Web Page Media and Content Classification

Aims

  • describe basic procedures for using a web browser (Netscape 4.0 and higher) in order to determine page layout
  • provide basic procedures for acquiring detailed properties of individual elements
  • describe and explain procedures for using a web authoring application (NetObjects Team Fusion Version 3.0 and higher) for reproducing the layout or web pages classified according to its constituent media

Introduction

In order to completely describe a web page you need to be able to provide several kinds of information for all page elements. The purpose of this document is to introduce simple methods for describing web pages. These methods provide data sufficient to create page mock-ups that show the important attributes of page media used on a specific web page. Web pages are described by gathering or determining the following data for each element:

  • assigning a unique label,
  • identifying its screen location,
  • determining the type of media used to represent it on the screen,
  • determining its size- both in terms of its screen coordinates, bytes, and area
  • the number of times the element is repeated on the page (if any), and
  • any other properties including for example if the repeating element occurs in distinct groups (if relevant).

Each of these attributes is described along with a method for determining it. The following discussion assumes that you are using Netscape Navigator 4.5 to acquire data about page layouts and elements and NetObjects Team Fusion Version 3.0 to create page mock-ups based on that data.

However before describing the attributes of page elements we need to understand how the page is organised - its page layout - and how to find out as much about the constituent media being used on the page. The University of Wollongong home page at http://www.uow.edu.auis used as an example for the remainder of this exercise.

Determining Page Layout

Arrangement of Elements on the Page

In order to identify the elements that exist on a page, and their respective locations, point your web browser to the appropriate page. To show all elements of the page, select the File | Edit Page option from Netscape Communicator, see Figure 1 (top left image). This invokes a program called Netscape Composer, a simple HTML authoring program whose initial screen is shown in Figure 1 (lower right image). Note that each page element is now surrounded by a dashed box - called a bounding box - which shows how large the element is on the screen. These bounding boxes around each element are used as the basis for determining screen co-ordinates as described below.
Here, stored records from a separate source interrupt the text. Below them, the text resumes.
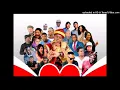 Download Lagu Matshwa Bemuda - ava fikangi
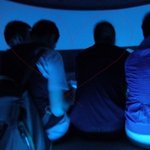 ★★★사진有)급함!!사람을 찾습니다ㅠㅠ제발★★★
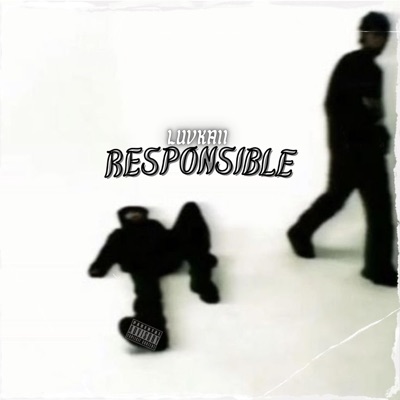 RESPONSIBLE! - Single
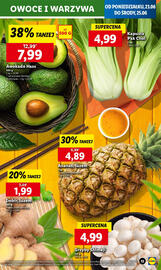 Lidl gazetka Strona 13
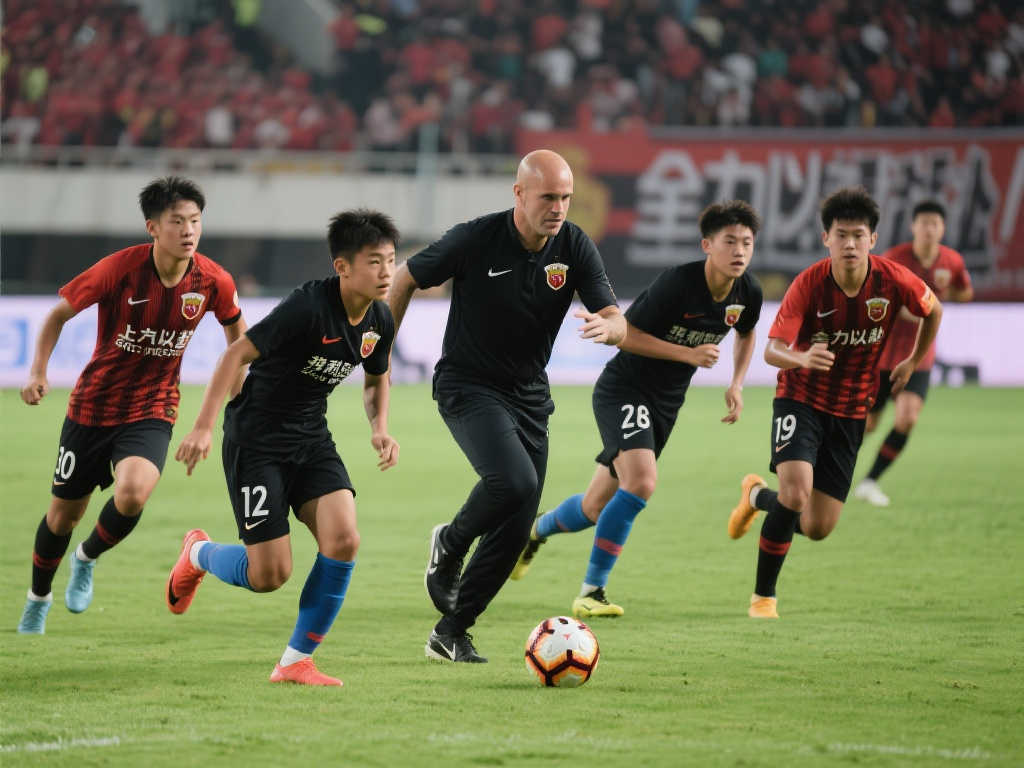 在阿尔特塔 在阿尔特塔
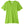 CORE365 - Women's Fusion ChromaSoft™ Performance T-Shirt - CE111W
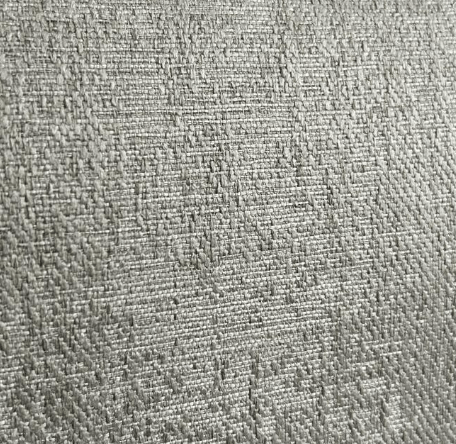 Verna 2-Seater Sofa.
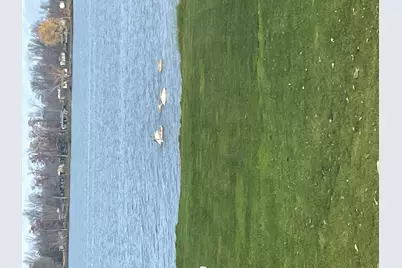 2005 1/2 Street, Comstock, WI 54826 - Photo 36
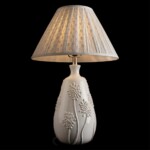 10496T Настольная лампа LOFT IT Fennel — изображение 4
Figure 1:Select File | Edit Page from Netscape Communicator (top left image) loads up a component called Netscape Composer - a simple HTML authoring program (lower right image)



Listing All Page Elements


To make sure that all page elements are identified, and in order to determine how many of these elements are used more than once- see the Section called Number (Repetition), select the View | Page Info option from either Netscape Communicator or Netscape Composer. The listing of page elements for the University of Wollongong home page is provided in Figure 2. This list is shown in two windows. The top window consists of a list of links for all page elements. The lower window provides information on the selected element. The default element is a description of the page itself, as shown in Figure 2.

Figure 2:Listing of Page Elements on the University of Wollongong Home Page. This information is available from either Netscape Navigator or Netscape Composer by selecting View | Page Info.

Detailed Properties of Individual Elements

To acquire detailed properties about an individual element on the screen, the element must be selected by clicking the left mouse button while the cursor is located within the bounding box of the element. A thick lined box surrounds a selected element. The selected banner image in the University of Wollongong home page is shown in Figure 3 (top image). Once the required element is selected, click the right hand mouse button to show the floating menu of commands that can be requested for that element. Figure 3 (middle image) shows the floating menu relevant to the selected banner image. If the selected object is an image, its Image Properties element can be selected, which displays an Image Properties window. Selecting the Image Properties option for the University of Wollongong’s banner image displays the Image Properties window in Figure 3 (lower image). Useful information about this object includes its Dimensions (Height and Width) which can be used when writing up the Element Size information, see latter.


Figure 3:Selecting an element (top image) and choosing its Image Properties (middle image) from those that are available for an object of its type. The result is the Image Properties window (lower image).



The properties of other types of page elements can be found using the same procedure. For example, the University of Wollongong home page contains a list of images containing text, which are the major options around which the site is organised. Each of these images contains a link to a page location forming a section or weblet in the site. To find detailed properties of this element, select the element and open up the Image Properties as described above. Note that the window contains three tab controls labelled from left to right: ‘Image’, ‘Link’, and ‘Paragraph’, see Figure 4 (upper image). The ‘Image’ information is displayed by default. To show the name of the page linked to image/comm.gif select the Link Tab, see Figure 4 (lower image).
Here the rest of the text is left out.